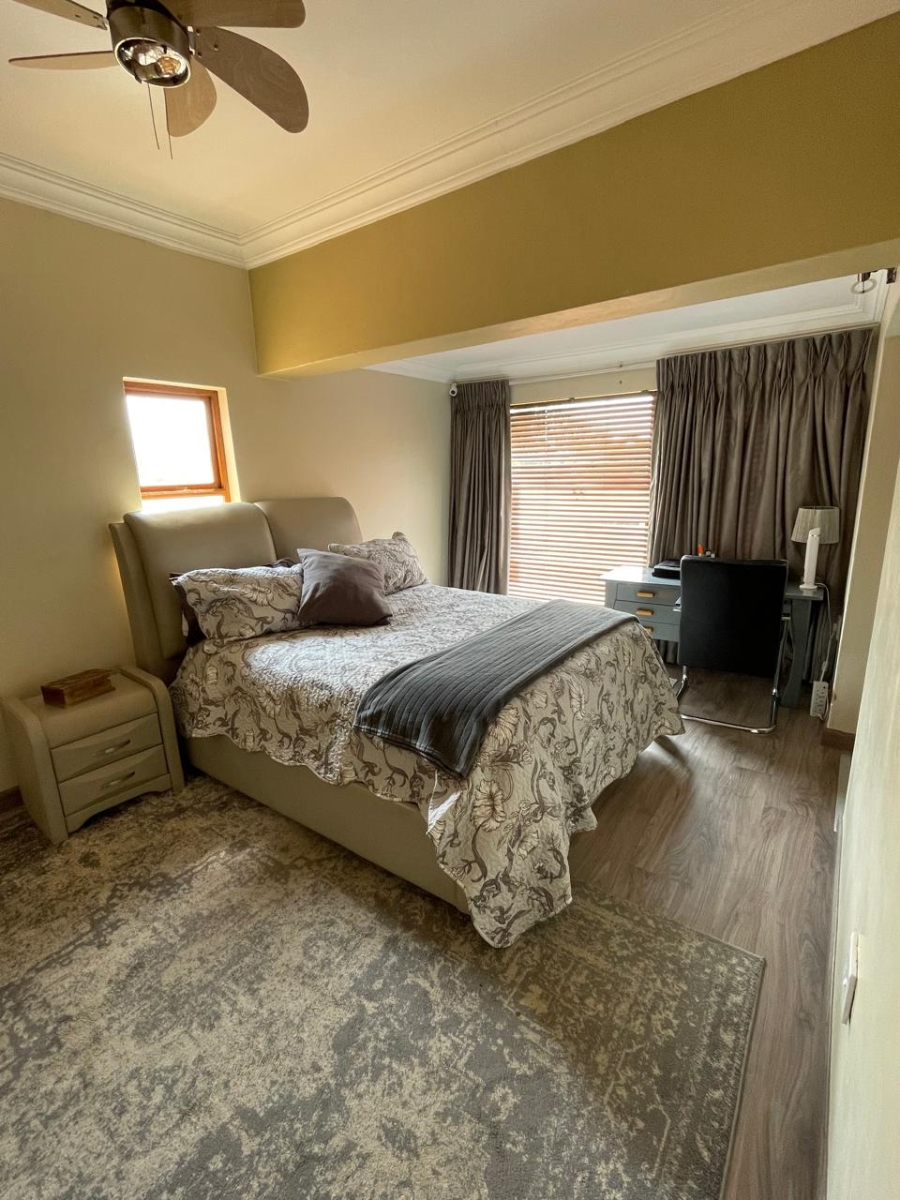 5 Bedroom Property for Sale in Xanadu Eco Park North West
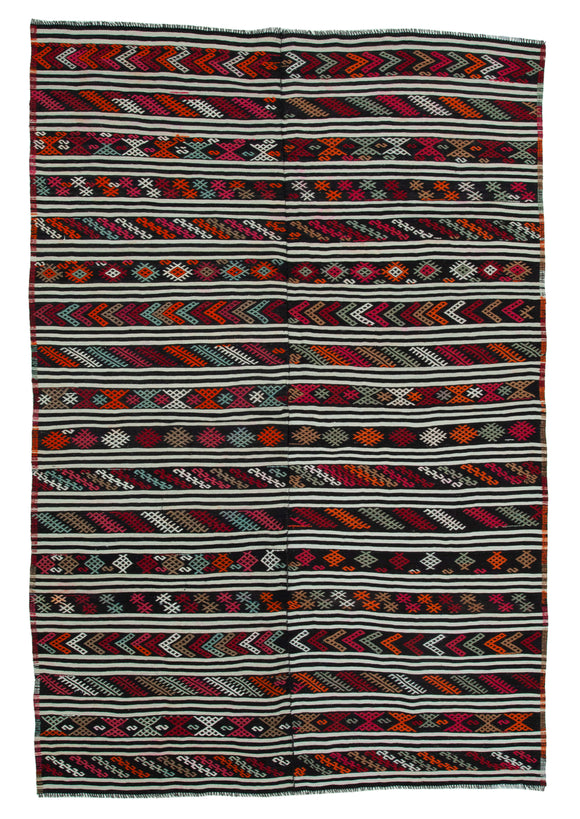 6' 4'' x 9' 7'' Turkish Vintage Kilim Rug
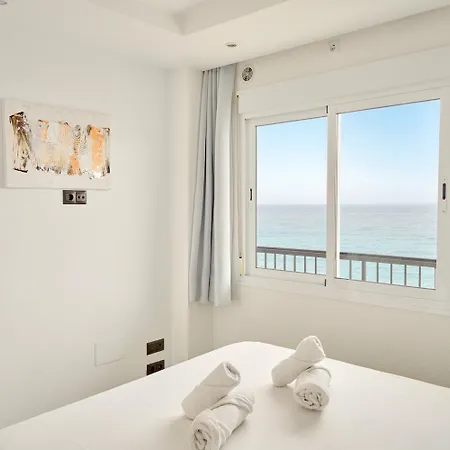 Lejlighed Arce I 26 - Beachfront With Stunning Sea Views & Pool Nerja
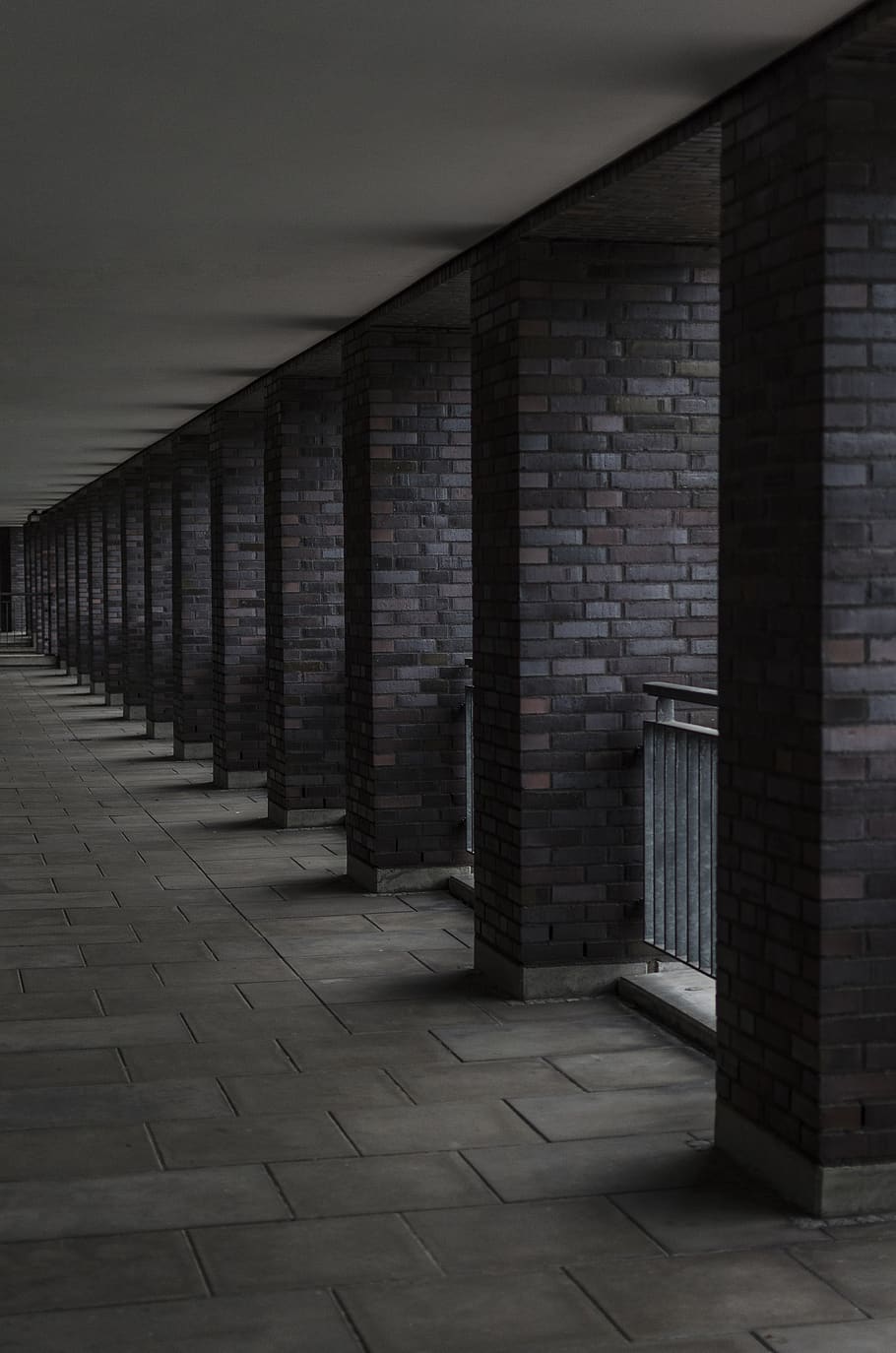 Empty Hallway At Daytime, Corridor, Architecture, Slate, - Wall - HD Wallpaper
______________________________
▶ _YOUR TASK_
Write all the lines above out again exactly, minus the images.

▶ _EXERCISE SOLUTION_
 5 Bedroom Property for Sale in Xanadu Eco Park North West
 6' 4'' x 9' 7'' Turkish Vintage Kilim Rug
 Lejlighed Arce I 26 - Beachfront With Stunning Sea Views & Pool Nerja
 Empty Hallway At Daytime, Corridor, Architecture, Slate, - Wall - HD Wallpaper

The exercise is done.